Retainer assemblies have been developed for a broad range of applications, such as for reversibly clamping panels and circuit boards attached to the panels within a housing.
With some applications, it is important that the circuit board retainer insulate and dampen the circuit board from shock and vibration. For other applications, an important feature of the circuit board retainer is to effectively transfer heat generated by the circuit board through the panel and to the housing to which the panel is mounted. In these applications, the retainer assembly and the panel are made from heat conductive materials. The heat transfer is effective only between surfaces of the retainer assembly and the housing that are in direct contact, and the amount of heat transfer is directly proportional to the amount of shared surface area. Additionally, the heat transfer is more effective when a greater amount of force is applied between the housing and the retainer assembly.
A problem with prior art retainer assemblies is that they have a discontinuous surface that abuts against the housing slot. The surface is discontinuous because these prior art retainer assemblies have a plurality of wedge components that expand within the housing slot upon engaging an actuator screw that causes the wedge components to slide together. The wedge components form a rough and discontinuous surface that tends to catch against the housing slot as the panel slides into and out of the slot. This makes installation and servicing of the panels within the housing difficult because the panels do not smoothly slide in and out of the housing slots.
Another problem with prior art retainer assemblies is that they distribute heat unevenly because the wedge components form a discontinuous surface having only partial segments in direct contact with the housing assembly. This can cause the panel to have a discontinuous heat distribution pattern which can adversely effect electronic circuitry attached to the panel.

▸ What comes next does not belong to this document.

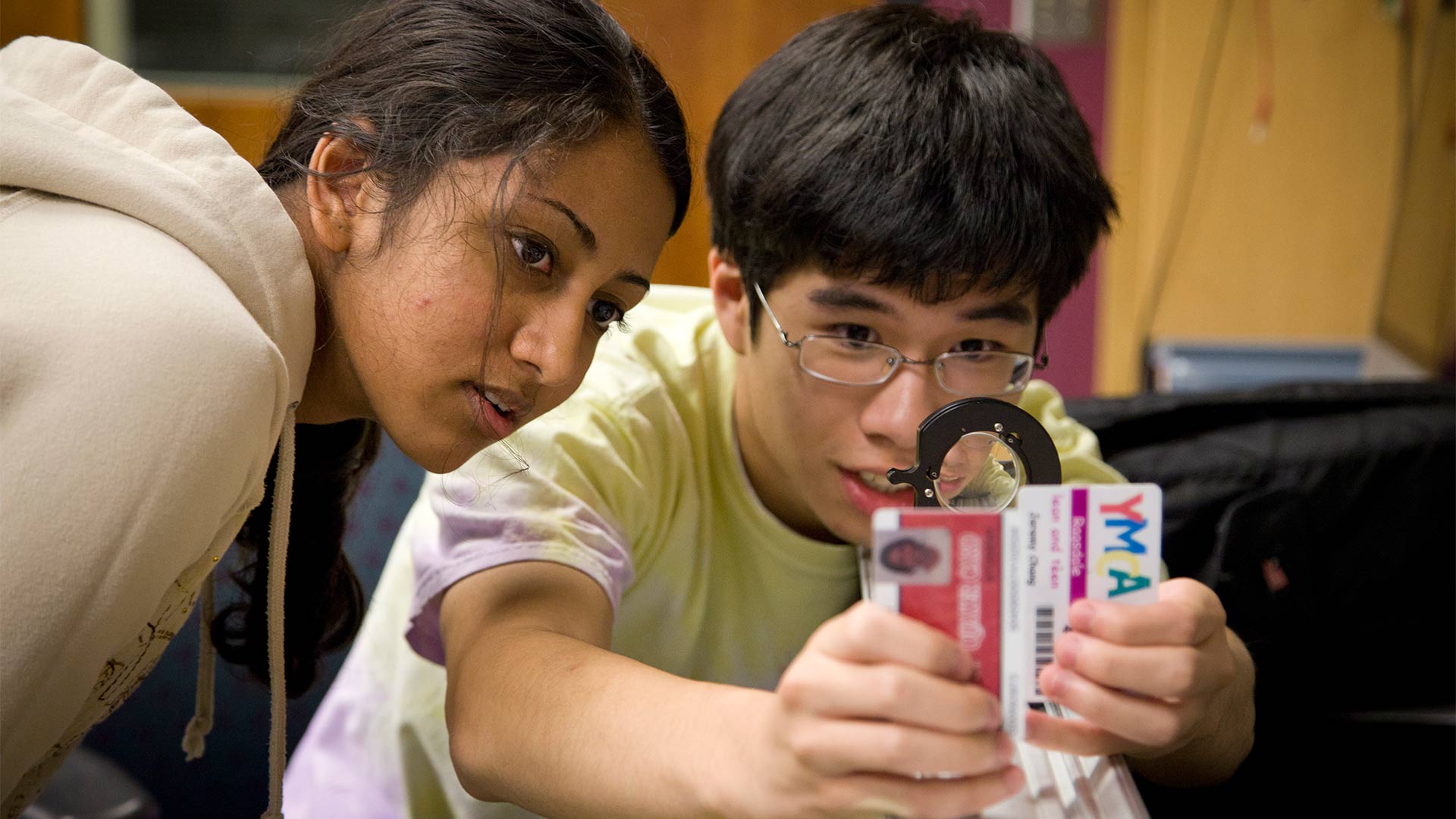 Students try out a Physics experiment using their ID cards.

Still another drawback with prior art retainer assemblies is that they are not self contained when attached to a panel. Prior art retainer assemblies have a plurality of individual components that are interconnected but which are not encased by a housing or analogous structure. Accordingly, if a prior art retainer assembly is damaged and its individual components become disengaged, the components will be free to move about within the housing. Additionally, prior art retainer assemblies can become disengaged if the actuator screw is unscrewed too much. Again, the components will be free to move about within the housing. In either of the above scenarios, the disengaged retainer assembly components may disrupt the operation of the circuit boards within the housing.

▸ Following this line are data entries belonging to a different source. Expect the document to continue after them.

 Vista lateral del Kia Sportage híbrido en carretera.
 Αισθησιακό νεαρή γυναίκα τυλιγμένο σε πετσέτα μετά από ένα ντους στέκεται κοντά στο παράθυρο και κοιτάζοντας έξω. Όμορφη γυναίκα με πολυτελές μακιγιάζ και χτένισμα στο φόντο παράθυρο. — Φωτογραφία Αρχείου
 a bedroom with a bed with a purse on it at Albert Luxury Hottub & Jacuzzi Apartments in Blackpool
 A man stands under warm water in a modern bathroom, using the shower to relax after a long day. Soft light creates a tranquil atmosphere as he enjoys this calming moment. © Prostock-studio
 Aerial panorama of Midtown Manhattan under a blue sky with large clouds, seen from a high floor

There is therefore a need for a retainer assembly that, when attached to a panel and placed in a slot in a housing, provides a smooth and continuous surface that allows the panel to slide freely in and out of the housing. There is also a need for a retainer assembly that provides a more uniform heat transfer surface when abutted against the housing slot. There is also a need for a retainer assembly that is self-contained such that, if damaged, the components are not free to move out of the assembly. Finally, there is a need for a retainer assembly that has a mechanism to prevent it from accidentally disassembling.